Once the set-up has been done, the corpus for country XX can be validated with the
validate-parlamint-XX
command. For the linguistically annotated version, make conllu-XX
should
also be run.
Once samples have been validated and incorporated into the ParlaMint GitHub repository the complete corpus can be processed and submitted.
First, pls. note that the samples in GitHub use a flat directory structure, while the complete corpus is structure differently. First, the linguistically non-annotated corpus should be stored in the directory named ParlaMint-XX.TEI/, while the linguistically annotated corpus should be stored separately, in the directory named ParlaMint-XX.TEI.ana/. Second, the component files should be stored in subdirectories, one for each year. Note that this is explained in the Section on Filenames and directory structure of the Guidelines.

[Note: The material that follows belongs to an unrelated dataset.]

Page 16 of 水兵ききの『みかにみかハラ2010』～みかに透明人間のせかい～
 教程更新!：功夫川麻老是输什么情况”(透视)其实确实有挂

Once the corpus is stored in the recommended way, it can be validated localy, and then the complete TEI and TEI.ana versions of the corpus should be compressed (either .zip or .tgz) into two files and put somewhere where the ParlaMint editors can access it. Preferably this is a web (http) server or any other location, where the files can be dowloaded via the command line. If this is not possible then the corpus can also be made available on the cloud, WeTransfer or similar. Then the editors (@TomazErjavec and @matyaskopp) should be sent an email with instructions on how to download the corpus, and they will send feedback on whether the corpus passed validation and let you have the validation and conversion log file.